A University of Tennessee at Chattanooga student organization is being recognized for its service in the greater Chattanooga community.
The UTC National Association for the Advancement of Colored People student chapter has been selected for the 2023 Viola Mapp Membership Ruby Hurley Image Award from the Chattanooga-Hamilton County NAACP.
The Ruby Hurley Image Awards highlight those who work to build a viable community and serve as ambassadors from the local community. This year’s awards presentation, headlined by keynote speaker Dr. Penny Brown Reynolds—the U.S. Department of Agriculture’s deputy assistant secretary for civil rights—will take place on Thursday, Nov. 2, at the Chattanooga Convention Center.
The award winners were announced by Rev. Ann Pierre, president of the local NAACP branch.
UTC NAACP student chapter president Samara Graves said she was excited to learn the group had earned the recognition, saying that students don’t join the organization for the attention but rather for the opportunity to give back to the community.
“We don’t really post about the things that we do outside of campus because we’re not doing it to be seen—but simply because we care,” said Graves, a junior from Nashville majoring in psychology with a minor in political science. “The fact that people saw it meant a lot to us.
“It feels good to know that people see what we do on campus. People see the community service we put in. People see the effort.”
Graves said UTC NAACP provides service with a different focus every month, such as a Pink Week for breast cancer awareness, and that a lot of the students’ work involves “physically going out there and passing out what’s needed.”
“One of the things we did over the last year for Women’s History Month was passing out feminine bags—so pads, tampons, wipes, soap, feminine supplies, razors, just anything that you use in your day-to-day life that homeless people might not have,” she said. “We bag them up and we pass them out. We try to give out as much as possible.”
Sophomore Kaiya Walls, a pre-professional biology major from Clarksville, Tennessee, is chapter secretary, overseeing outreach to the organization’s 50-plus members.
“The draw for me (to join UTC NAACP) was seeing how much everyone on the (executive board) before I joined really felt that they were growing as people,” Walls said. “I saw that a lot of people were doing things that would be out of their comfort zone, but they were doing it together—and then they would go off to do their own service projects as well.”
Walls said the service work she has participated in includes clothing drives, shoe drives and going to soup kitchens—and the importance of passing out items people need that often aren’t given to them.
“We also do canned drives for the community; we all go out and actually pass it out so that we know that it’s given to the actual people,” she said.
Brandalyn Shropshire, associate director of engagement in the UTC Office of Undergraduate Admissions, serves as the UTC NAACP staff adviser. As a student, she was one of the organization’s charter members when it was founded in the early 2000s.
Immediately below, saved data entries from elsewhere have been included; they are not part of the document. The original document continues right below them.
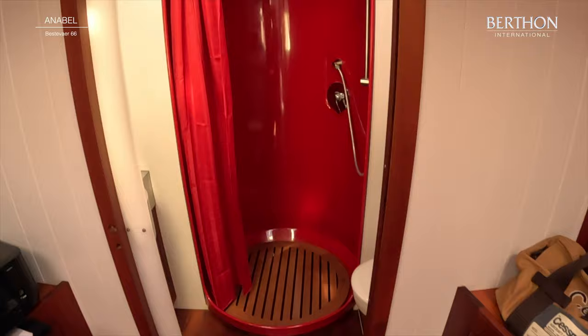Of course she's got a full suite of electronics, including a forward-looking echo sounder. She's got iridium, of course. Through a watertight door and back into the main saloon. Annabelle, Best of Air 66 — very special.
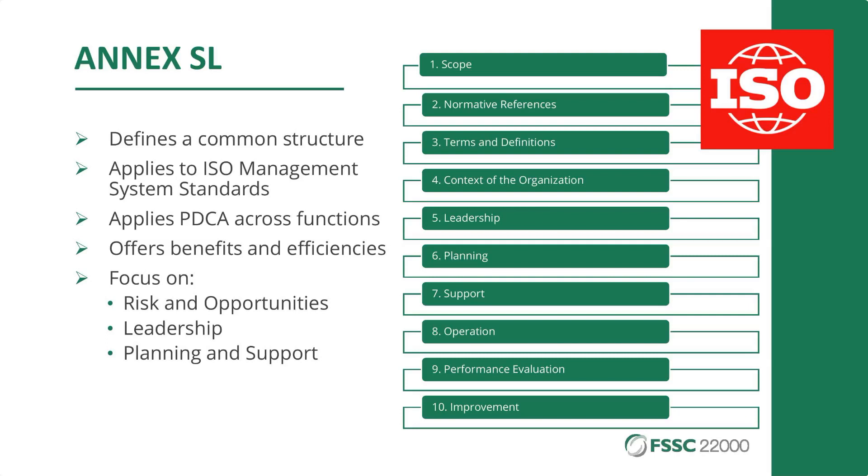An effective management system should ensure that the products you are making or the services you deliver are safe last month, last week, are safe today, and will also be safe tomorrow. These are a few of the elements I find important in these systems.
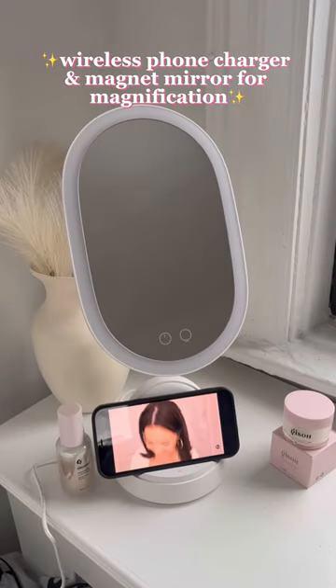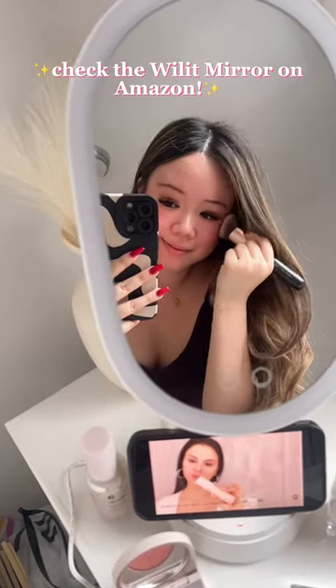It also has a wireless phone charger and comes with an additional magnifying mirror magnet. This mirror makes getting ready so easy and fun — I absolutely love it.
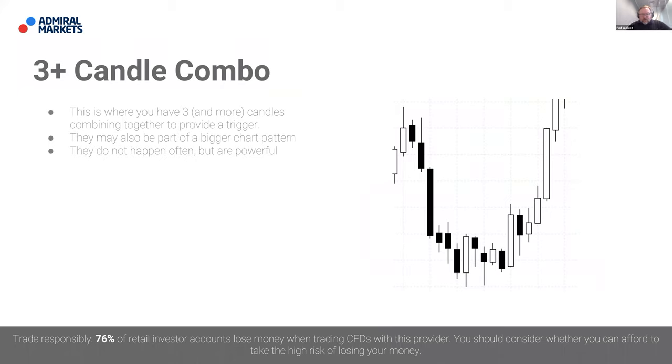Three and more candle combinations happen rarely, but when they do they provide quite a powerful trigger. You also have to be aware that combined price action triggers of three or more candles could actually be part of a bigger chart pattern. Price action is instrument and time frame agnostic — it doesn't really matter if it's a weekly chart of gold, Bitcoin, Eurodollar, silver, or oil. Being able to read price action is an unbelievably powerful tool in terms of helping you with your trading decisions.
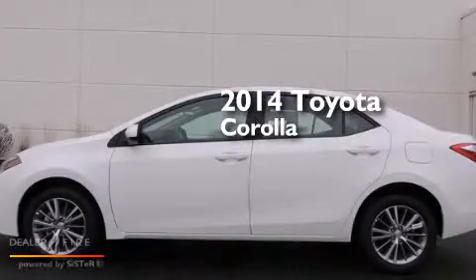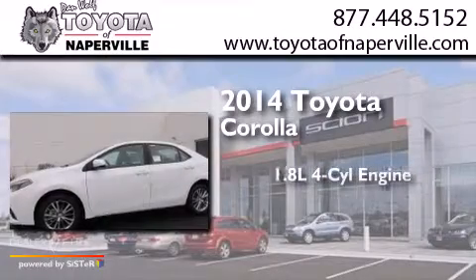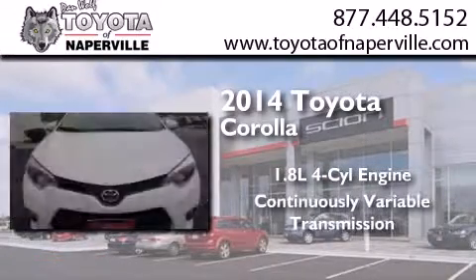This is a brand new 2014 Toyota Corolla. It has a 1.8-liter four-cylinder engine and a continuous variable transmission.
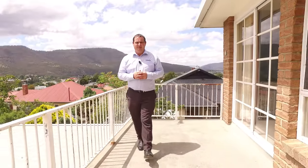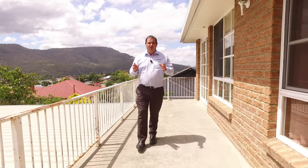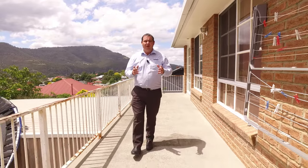This lovely brick family home has so much to offer — just under a 500 square meter block. Downstairs features a large workshop and storage area, a rumpus room, a man cave, and also a one-car garage.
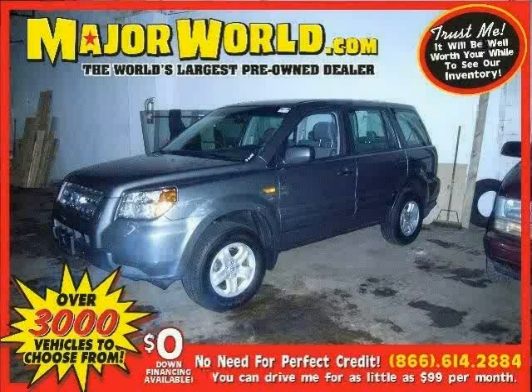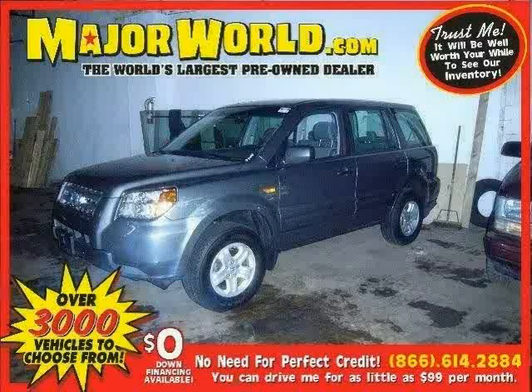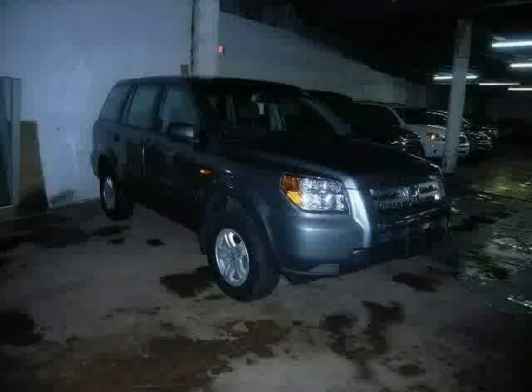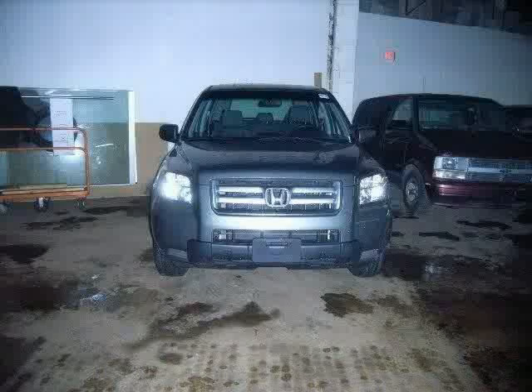Look at this 2007 Honda Pilot equipped with air conditioning, CD player, power door locks, driver and passenger side air bag, vehicle anti-theft system, brake assist, four-wheel drive, traction control, side head air bag, rear head air bag, four-wheel anti-lock brakes, and rear air conditioning.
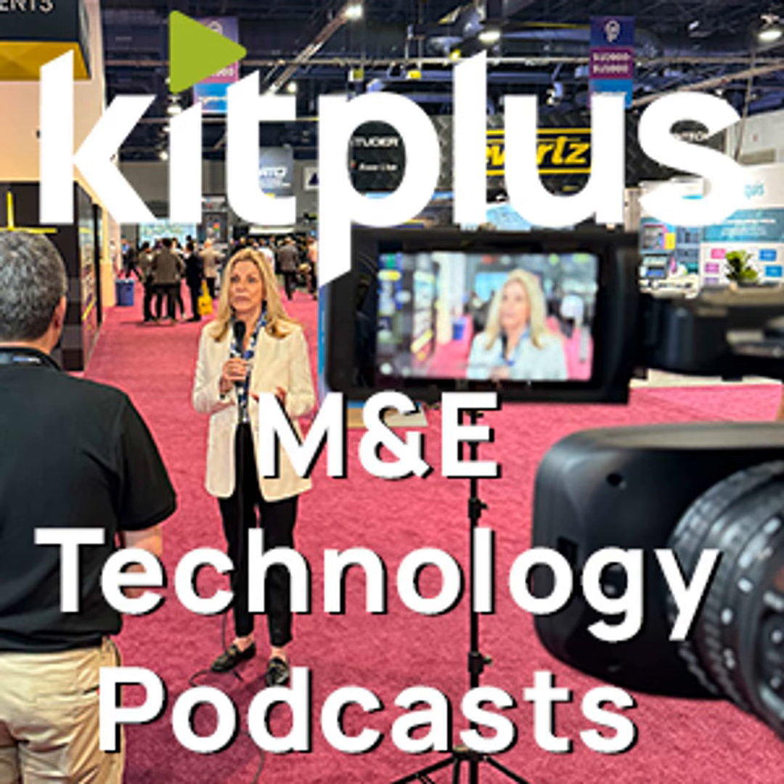We've done videos here on the Facilis stand on the fast tracker and the fast cache, so do check those out as well. For everything else we're doing at the show, that's it — kitplus.com.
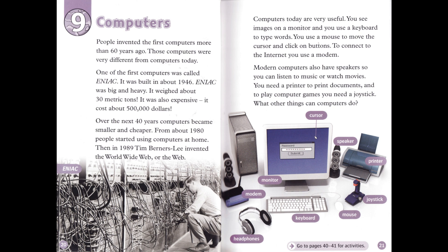Computers today are very useful. You see images on a monitor, and you use a keyboard to type words. You use a mouse to move the cursor and click on buttons. To connect to the Internet, you use a modem. Modern computers also have speakers, so you can listen to music or watch movies. You need a printer to print documents, and to play computer games, you need a joystick. What other things can computers do?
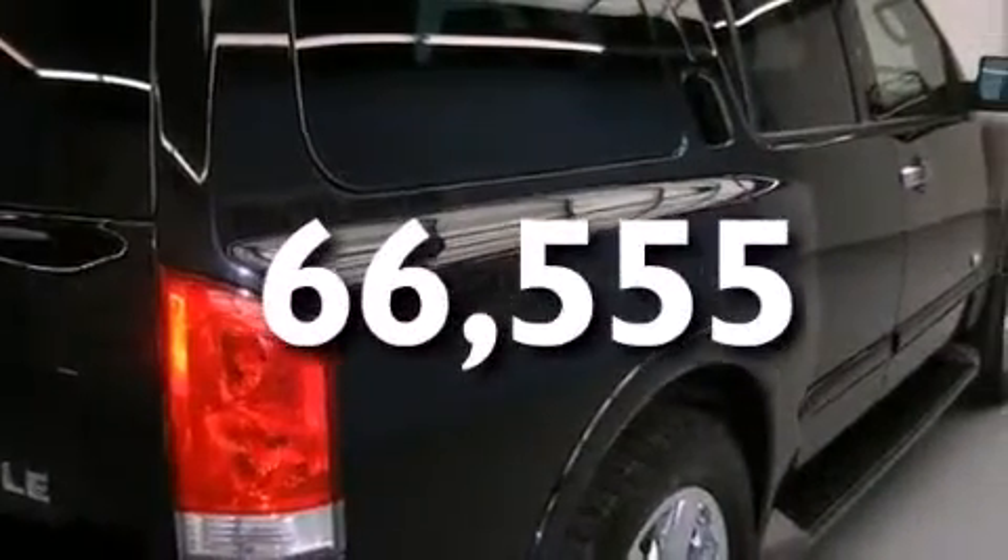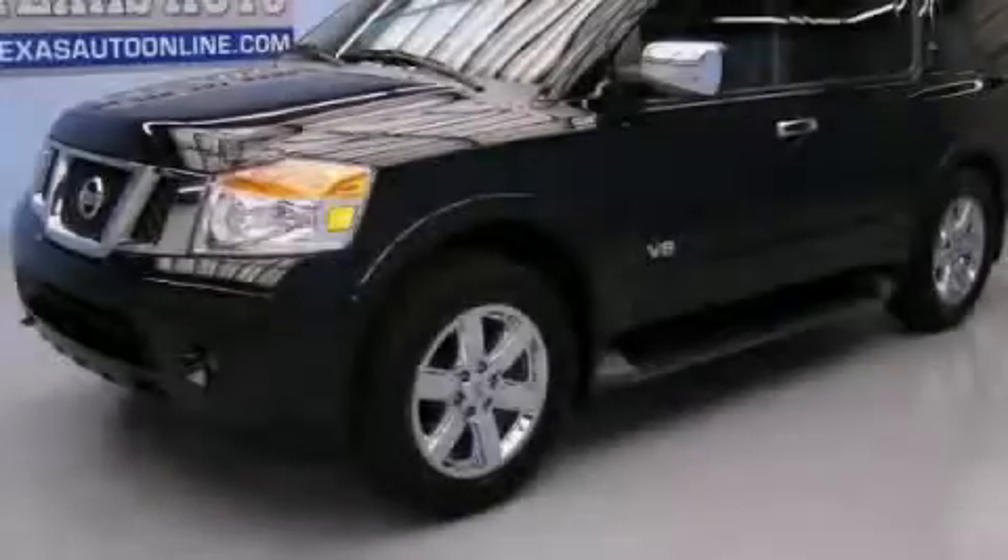This vehicle has fewer than 67,000 miles on the odometer. Stop by today and test drive this vehicle for yourself.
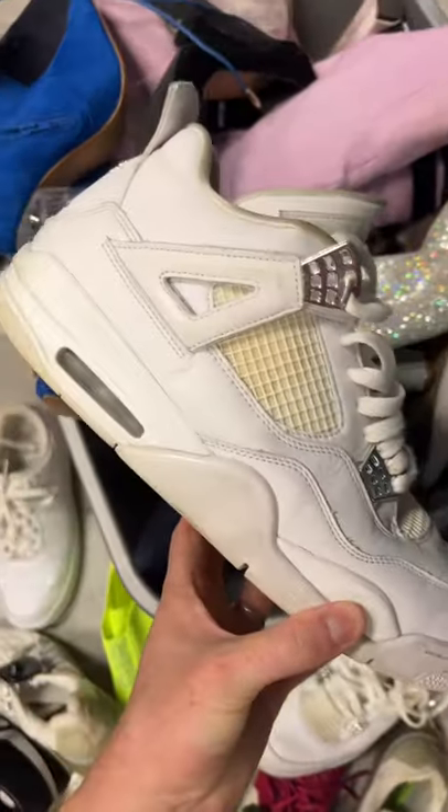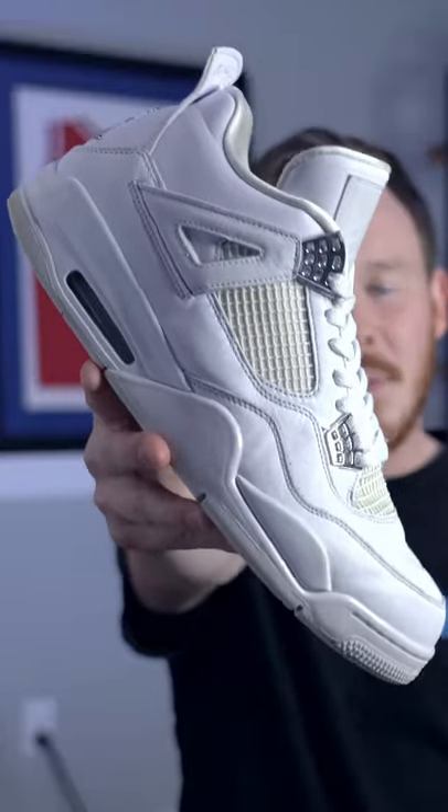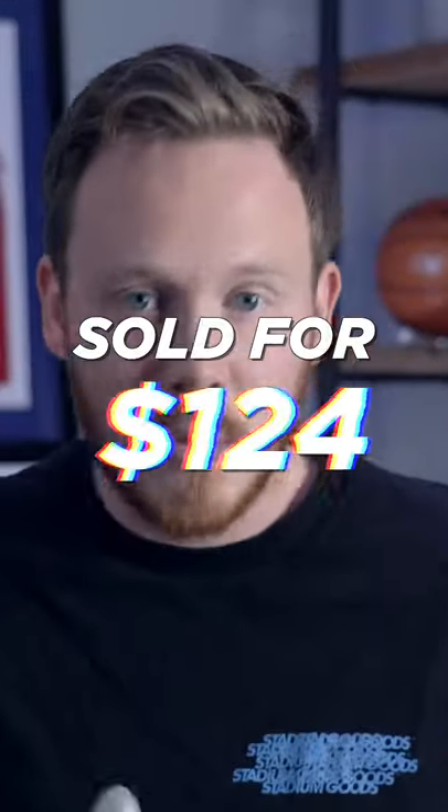They were selling the pair for $45, but the shoes definitely needed some TLC in cleaning up. So I cleaned them up, made them look good as new, and was able to sell them on eBay for $124.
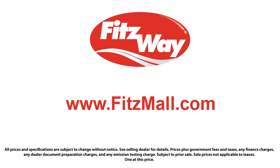The Fitzway puts the customer first with honesty, respect, and a total commitment to customer satisfaction. That's the Fitzway.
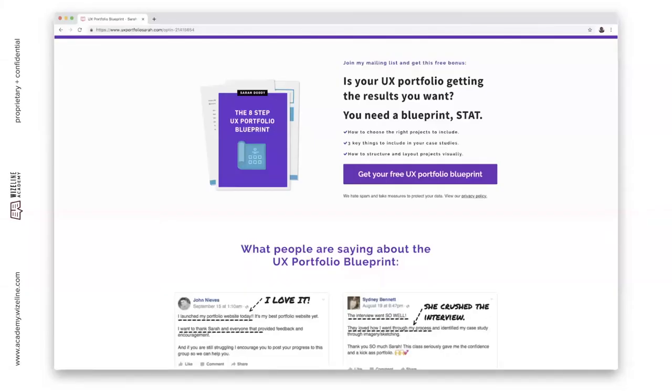Sarah Doody's website has a portfolio blueprint which I believe is free to download, and she also has a more in-depth course you can subscribe to if you'd like to dig deeper into this.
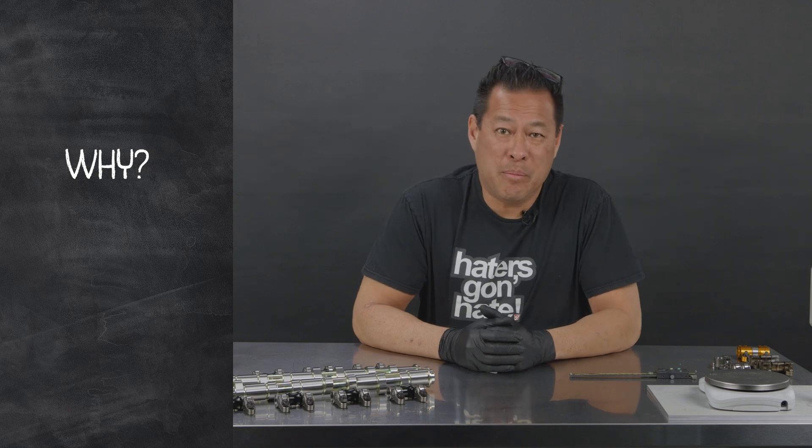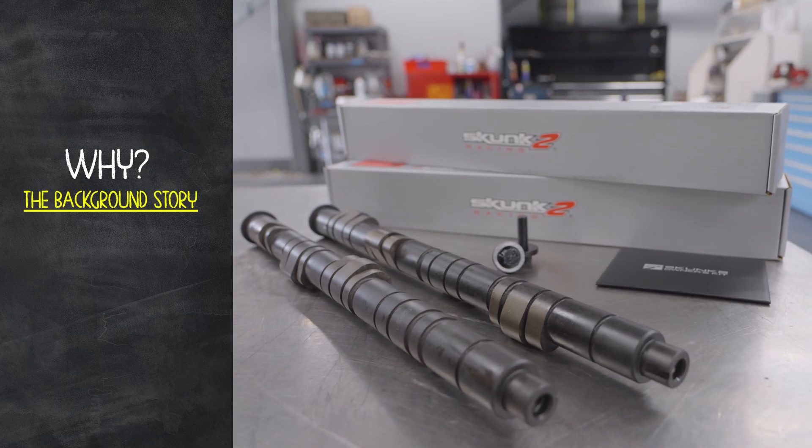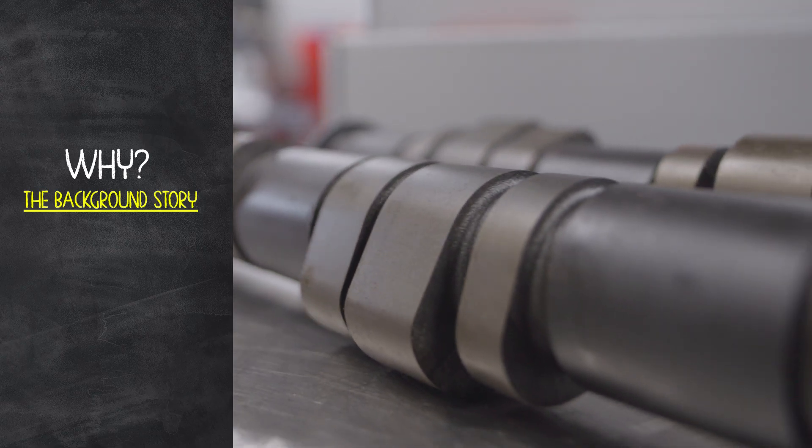Why did we make the BMF TLRC? As you guys may know, we introduced the Pro Series cams in 2008, and even to this day, Pro Series cams are still setting records.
“I think this recognition is wonderful for the students and it’s twofold,” Shropshire said. “I think it’s good because sometimes you do the work and you’re not sure if what you’re doing is being noticed or if it’s even effective. You never do service to be recognized, but to have someone say, “Hey, I see you,’ I think is major.
“For someone to take the time to acknowledge that and give them this award will motivate them to keep going. They keep expanding and they’ve really taken off.”
Viola Mapp and her husband, James, were longtime Chattanooga-based civil rights leaders and members of the Chattanooga branch of the NAACP—with James serving 16 years as president. In 1989, they were named the national NAACP organization’s 80th Anniversary Family of the Year.
The James R. Mapp Building on the UTC campus was dedicated in his honor in 2016.